PKK karşıtı kutbu genişletmek
Erdoğan’ın NATO çıkışındaki bir diğer amaç ise “PKK tasfiyesi” konusundaki sıkışmışlığından ileri geliyor. Uzun zamandır istediği sonuçları alamayan siyasi iktidar, veto şantajı yaparak, PKK karşıtı kutbu Finlandiya ve İsveç ile genişletmeyi arzuluyor. İsveç ve Finlandiya’ya “PKK’ye desteğe son verin” şeklindeki söylemlerinin Avrupa’da PKK’nin “terör” listesinden çıkması yönündeki kampanyaların etkili şekilde sürmesi, Federe Kürdistan’daki saldırılara özellikle sendikal alandan tepkilerin oluşması ve Belçika’da aynı konuda yargılamanın sürdüğü döneme getirilmesi de iktidarı harekete geçmeye zorluyor. Öte yandan Rusya’nın Ukrayna’yı işgalinin ardından Avrupa’ya enerji akışının sağlanmasında çıkan sorunlar da belirleyici oluyor. Rusya’ya uygulanan ambargo ve doğalgazın Batıya gidiş sorunu, Federe Kürdistan Bölgesi’nde bulunan ve yeni keşfedilmeye hazır olan enerji yataklarının Türkiye üzerinden taşınması planlanıyor. Erdoğan hükümeti de PKK karşıtı kutbu genişleterek, değişen jeo-enerjik koşullarda yer edinmek istiyor. Ancak önümüzdeki dönemin bölgesel dengelerdeki belirleyicisi olması beklenen Federe Kürdistan’daki savaştan istenilen sonucun gelmemesi, bu hesabı bozuyor.
Rusya’ya mesaj
Erdoğan hükümetinin çoklu hesabının bir boyutunu da Rusya oluşturuyor. NATO’nun bu noktada iki yönlü politika yaptığı anlaşılıyor. İlki ve geçerli olan Erdoğan’ın “evet” söylemine karşı “diyalog” çağrısı. İkincisi, Kanadalı senatörün “Türkiye’yi NATO’dan atın” açıklaması. Bu açıklama, bir senatörün tepkisi olarak değerlendirilmiyor.

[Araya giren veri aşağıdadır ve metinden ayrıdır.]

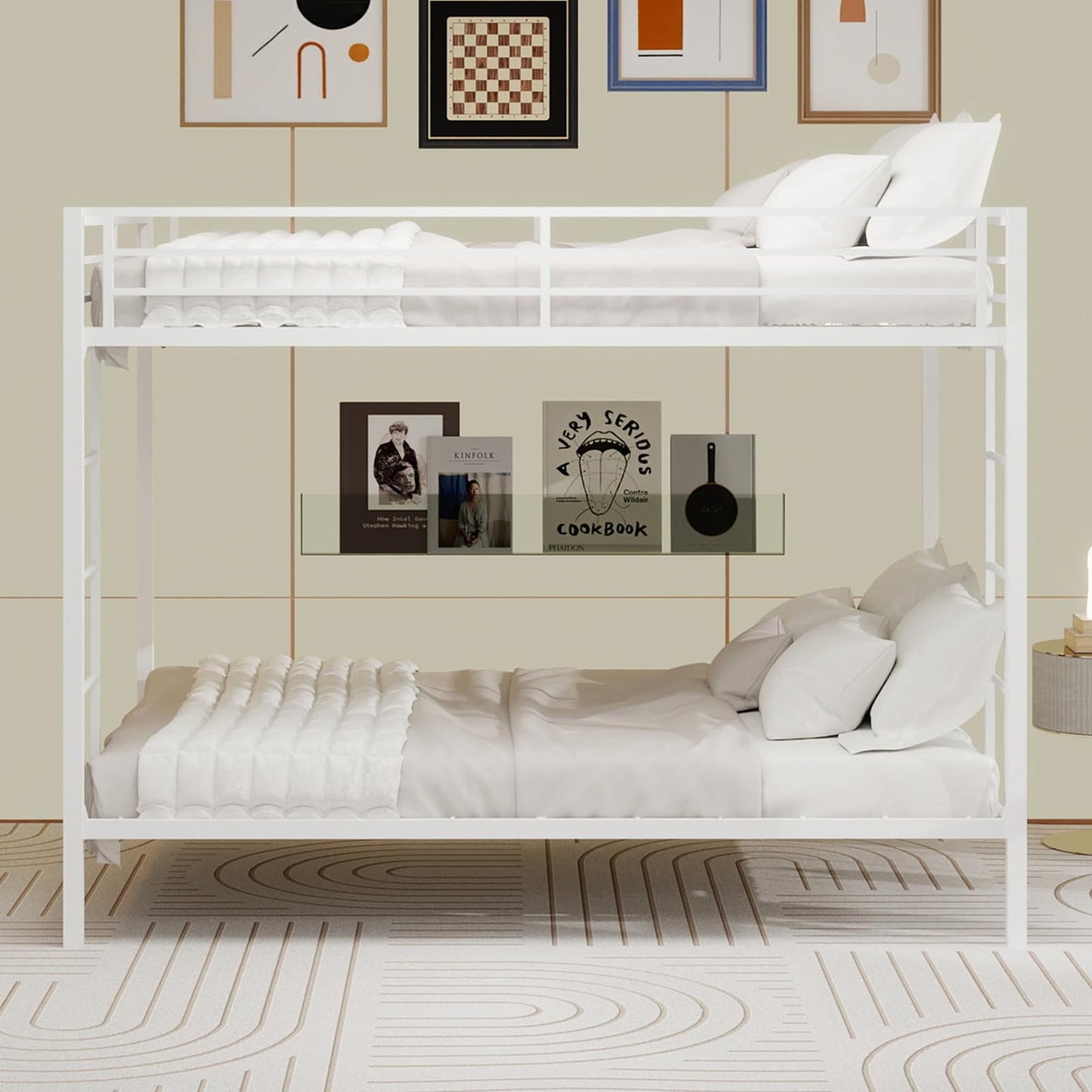 KEIKI Queen over Queen Size Metal Bunk Bed Frame with Built-in Ladder and Full-Length Railing, Modern Style Bunk Bed with Slats and Guardrail, No Box Spring Required, Easy Assembly, for Bedroom, White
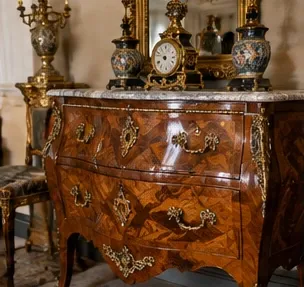 Commode galbée d'époque en marqueterie, bronzes dorés et plateau de marbre, surmontée d'une pendule, de vases et d'un miroir doré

Aksine Amerika kıtasındaki iki güçlü NATO üyesinden biri olan ve G-7 içerisinde yer alan Kanada’nın güçlü pozisyonu üzerinden düşük seviyede “sınırlarını bildiren” açıklama olarak değerlendiriliyor.
Burada NATO bileşenlerinin daha resmi olan “diyalog” çağrısı, Erdoğan’ın Rusya karşısında denge politikasının onaylanmasıyla bağlantılı. NATO, Erdoğan hükümetine kısmen Rusya’ya göz kırpan açıklamalar yapmasına zemin hazırlıyor. Ama bunu da bir sınırı var. Kanada’nın açıklaması, bu sınırı ifade ediyor. Rusya konusunda Erdoğan hükümeti, önceden çizilmiş sınırların içerisinde, günlük algılar yaratarak oynamaya devam ediyor.
İktidar boşluk yaratıyor
Sonuç olarak Erdoğan’ın NATO çıkışı, iç politikada sıkıştığının, gündem yaratamadığının, Federe Kürdistan’da istediği sonucu alamadığının ve Rusya-Ukrayna savaşı sonrası girdiği denge politikasının kendisine ait olmadığının göstergesi. NATO ile S-400 ve Suriye’deki Kürt güçlerine yardım konusundaki geçmiş kriz deneyimleri, Kanada’nın sınır çizen açıklaması ve İsveç ile Finlandiya’nın resmi prosedürü aksamadan NATO’ya katılım için başvuru yapması, hükümetin bu politikadan sonuç alamayacağının önemli ibareleri olarak okunabilir. Hükümet suni gündemle iç politikayı belirlemeye çalışıyor ama yönetememe krizinden doğan ekonomik çöküş tablosu devam ettikçe, hükümetin bu çıkışlarının karşılık bulması mümkün görünmüyor. Bu noktada eğer değerlendirebilirse muhalefet için bir fırsat daha oluşuyor. Gündem yaratmakta başarısız olan ve manevra yapamayan iktidarın oluşturduğu boşluğu, önümüzdeki dönem için toplumsal sorunlara dair plan, proje ve çözüm öneriyle muhalefetin doldurması elzem görünüyor.